**Work instruction**
Please take the records that follow and repeat exactly the lines starting with the line with "Chanclas de playa" and going on through the line with "Renault Trafic - 16".

- - -

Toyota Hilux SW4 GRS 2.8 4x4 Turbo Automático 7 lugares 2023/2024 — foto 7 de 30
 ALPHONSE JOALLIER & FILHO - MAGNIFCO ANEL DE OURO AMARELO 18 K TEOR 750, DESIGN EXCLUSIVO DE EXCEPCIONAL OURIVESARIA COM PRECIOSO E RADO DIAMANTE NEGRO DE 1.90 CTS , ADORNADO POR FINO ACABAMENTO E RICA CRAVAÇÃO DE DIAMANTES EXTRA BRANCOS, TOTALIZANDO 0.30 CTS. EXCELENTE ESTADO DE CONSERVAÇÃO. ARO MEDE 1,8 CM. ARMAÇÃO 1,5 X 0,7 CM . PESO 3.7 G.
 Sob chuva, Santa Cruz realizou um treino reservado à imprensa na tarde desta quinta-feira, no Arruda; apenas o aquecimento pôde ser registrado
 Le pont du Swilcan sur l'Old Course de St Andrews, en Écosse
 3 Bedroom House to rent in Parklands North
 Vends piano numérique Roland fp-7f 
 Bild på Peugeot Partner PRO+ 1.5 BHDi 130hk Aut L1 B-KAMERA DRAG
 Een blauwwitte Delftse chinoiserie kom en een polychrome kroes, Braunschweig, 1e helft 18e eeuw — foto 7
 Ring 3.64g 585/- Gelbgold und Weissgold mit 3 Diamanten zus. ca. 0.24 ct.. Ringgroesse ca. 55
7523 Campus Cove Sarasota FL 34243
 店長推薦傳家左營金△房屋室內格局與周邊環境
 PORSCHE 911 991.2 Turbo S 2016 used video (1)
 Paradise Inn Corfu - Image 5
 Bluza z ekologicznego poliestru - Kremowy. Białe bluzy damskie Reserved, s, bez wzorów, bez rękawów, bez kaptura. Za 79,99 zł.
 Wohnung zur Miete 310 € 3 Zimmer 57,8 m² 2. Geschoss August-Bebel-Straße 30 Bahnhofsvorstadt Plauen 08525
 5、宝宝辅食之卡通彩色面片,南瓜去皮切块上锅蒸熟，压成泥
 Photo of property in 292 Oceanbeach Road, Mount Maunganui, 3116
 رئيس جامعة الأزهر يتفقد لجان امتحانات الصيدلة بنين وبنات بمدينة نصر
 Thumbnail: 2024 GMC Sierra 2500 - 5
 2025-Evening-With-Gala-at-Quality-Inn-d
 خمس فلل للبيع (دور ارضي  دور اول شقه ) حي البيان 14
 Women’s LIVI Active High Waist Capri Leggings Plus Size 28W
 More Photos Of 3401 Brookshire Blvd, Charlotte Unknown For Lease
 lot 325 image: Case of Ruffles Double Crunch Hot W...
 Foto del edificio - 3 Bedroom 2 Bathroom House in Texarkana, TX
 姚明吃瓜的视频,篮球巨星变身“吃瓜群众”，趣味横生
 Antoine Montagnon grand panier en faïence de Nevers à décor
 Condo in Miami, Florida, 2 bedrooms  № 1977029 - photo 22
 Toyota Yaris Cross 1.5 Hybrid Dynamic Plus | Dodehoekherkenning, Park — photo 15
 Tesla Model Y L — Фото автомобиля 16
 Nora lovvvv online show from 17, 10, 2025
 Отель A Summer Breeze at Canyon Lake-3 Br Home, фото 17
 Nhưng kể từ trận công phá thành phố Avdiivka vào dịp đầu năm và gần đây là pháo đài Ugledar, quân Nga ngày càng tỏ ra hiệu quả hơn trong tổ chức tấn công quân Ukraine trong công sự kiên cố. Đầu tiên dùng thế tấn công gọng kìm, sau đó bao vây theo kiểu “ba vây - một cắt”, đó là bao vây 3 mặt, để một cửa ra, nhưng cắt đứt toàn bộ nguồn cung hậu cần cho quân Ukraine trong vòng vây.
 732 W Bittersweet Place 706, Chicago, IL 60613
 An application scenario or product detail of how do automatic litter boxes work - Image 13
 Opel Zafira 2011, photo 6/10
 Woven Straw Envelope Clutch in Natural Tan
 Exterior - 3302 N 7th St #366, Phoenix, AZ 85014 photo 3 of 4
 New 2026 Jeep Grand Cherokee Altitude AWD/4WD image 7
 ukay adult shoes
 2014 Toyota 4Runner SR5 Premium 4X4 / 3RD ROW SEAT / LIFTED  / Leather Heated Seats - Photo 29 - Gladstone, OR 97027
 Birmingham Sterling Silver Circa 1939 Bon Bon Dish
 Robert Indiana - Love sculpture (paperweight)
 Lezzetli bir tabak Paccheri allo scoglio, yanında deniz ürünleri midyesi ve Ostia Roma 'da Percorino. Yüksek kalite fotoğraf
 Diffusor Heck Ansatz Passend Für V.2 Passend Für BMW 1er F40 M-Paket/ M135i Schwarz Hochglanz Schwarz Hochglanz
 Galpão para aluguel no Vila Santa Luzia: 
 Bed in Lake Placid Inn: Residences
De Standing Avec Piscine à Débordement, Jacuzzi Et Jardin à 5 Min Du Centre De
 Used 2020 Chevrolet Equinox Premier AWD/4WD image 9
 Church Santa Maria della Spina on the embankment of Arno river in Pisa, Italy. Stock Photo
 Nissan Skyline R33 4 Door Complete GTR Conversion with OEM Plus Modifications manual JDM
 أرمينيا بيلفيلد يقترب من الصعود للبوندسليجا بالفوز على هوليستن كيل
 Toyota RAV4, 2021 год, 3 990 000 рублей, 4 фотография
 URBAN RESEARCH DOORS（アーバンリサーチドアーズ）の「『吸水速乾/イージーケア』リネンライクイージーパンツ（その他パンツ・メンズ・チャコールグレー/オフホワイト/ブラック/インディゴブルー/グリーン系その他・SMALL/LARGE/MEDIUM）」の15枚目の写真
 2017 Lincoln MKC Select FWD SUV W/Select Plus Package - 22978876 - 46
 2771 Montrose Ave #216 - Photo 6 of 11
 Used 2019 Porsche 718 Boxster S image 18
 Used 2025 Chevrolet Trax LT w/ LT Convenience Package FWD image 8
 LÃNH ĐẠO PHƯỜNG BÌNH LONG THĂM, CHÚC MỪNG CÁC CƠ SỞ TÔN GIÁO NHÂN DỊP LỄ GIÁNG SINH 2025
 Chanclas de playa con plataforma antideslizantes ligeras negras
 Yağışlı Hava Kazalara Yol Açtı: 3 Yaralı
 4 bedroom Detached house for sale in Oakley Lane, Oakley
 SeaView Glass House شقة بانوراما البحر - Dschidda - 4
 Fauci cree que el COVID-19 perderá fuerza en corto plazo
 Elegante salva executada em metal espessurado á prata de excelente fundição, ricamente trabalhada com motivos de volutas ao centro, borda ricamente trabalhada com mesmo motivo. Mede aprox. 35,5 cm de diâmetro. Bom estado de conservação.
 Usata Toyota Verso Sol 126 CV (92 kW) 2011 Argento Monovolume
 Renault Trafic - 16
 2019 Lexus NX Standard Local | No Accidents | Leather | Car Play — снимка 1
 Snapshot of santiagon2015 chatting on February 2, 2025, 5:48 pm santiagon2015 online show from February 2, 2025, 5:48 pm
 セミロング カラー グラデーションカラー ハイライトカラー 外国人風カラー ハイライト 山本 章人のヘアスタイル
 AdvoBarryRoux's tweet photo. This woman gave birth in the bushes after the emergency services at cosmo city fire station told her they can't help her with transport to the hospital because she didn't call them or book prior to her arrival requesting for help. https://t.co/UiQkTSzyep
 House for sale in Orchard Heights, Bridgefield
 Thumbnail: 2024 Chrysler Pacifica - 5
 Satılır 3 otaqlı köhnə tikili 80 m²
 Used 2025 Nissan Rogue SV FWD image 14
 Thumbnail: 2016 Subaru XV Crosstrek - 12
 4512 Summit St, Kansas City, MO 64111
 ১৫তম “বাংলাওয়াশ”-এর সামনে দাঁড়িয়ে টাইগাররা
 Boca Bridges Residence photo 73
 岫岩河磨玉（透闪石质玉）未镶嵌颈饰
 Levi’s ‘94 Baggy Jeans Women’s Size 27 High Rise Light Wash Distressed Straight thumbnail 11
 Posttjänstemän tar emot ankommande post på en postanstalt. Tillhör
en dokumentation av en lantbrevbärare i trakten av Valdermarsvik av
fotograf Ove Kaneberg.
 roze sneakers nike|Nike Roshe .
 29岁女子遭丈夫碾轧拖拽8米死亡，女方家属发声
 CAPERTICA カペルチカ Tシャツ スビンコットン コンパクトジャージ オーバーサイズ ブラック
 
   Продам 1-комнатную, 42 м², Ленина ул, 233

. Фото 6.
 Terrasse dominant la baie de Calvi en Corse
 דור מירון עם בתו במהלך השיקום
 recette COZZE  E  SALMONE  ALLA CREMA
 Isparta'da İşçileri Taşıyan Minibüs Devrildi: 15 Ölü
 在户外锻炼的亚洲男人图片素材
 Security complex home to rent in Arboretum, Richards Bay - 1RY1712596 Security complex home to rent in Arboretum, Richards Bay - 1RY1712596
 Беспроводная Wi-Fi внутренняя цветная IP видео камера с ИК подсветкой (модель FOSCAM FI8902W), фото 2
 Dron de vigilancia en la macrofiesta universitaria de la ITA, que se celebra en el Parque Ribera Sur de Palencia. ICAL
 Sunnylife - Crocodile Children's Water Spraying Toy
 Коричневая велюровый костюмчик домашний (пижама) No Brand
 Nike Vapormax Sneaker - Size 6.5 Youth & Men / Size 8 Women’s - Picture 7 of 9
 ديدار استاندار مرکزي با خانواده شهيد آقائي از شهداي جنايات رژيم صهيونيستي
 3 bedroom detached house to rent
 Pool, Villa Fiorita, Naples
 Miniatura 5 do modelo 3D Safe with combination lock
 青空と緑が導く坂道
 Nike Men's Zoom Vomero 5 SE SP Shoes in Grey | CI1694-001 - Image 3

- - -

**Solution to this task**
 Chanclas de playa con plataforma antideslizantes ligeras negras
 Yağışlı Hava Kazalara Yol Açtı: 3 Yaralı
 4 bedroom Detached house for sale in Oakley Lane, Oakley
 SeaView Glass House شقة بانوراما البحر - Dschidda - 4
 Fauci cree que el COVID-19 perderá fuerza en corto plazo
 Elegante salva executada em metal espessurado á prata de excelente fundição, ricamente trabalhada com motivos de volutas ao centro, borda ricamente trabalhada com mesmo motivo. Mede aprox. 35,5 cm de diâmetro. Bom estado de conservação.
 Usata Toyota Verso Sol 126 CV (92 kW) 2011 Argento Monovolume
 Renault Trafic - 16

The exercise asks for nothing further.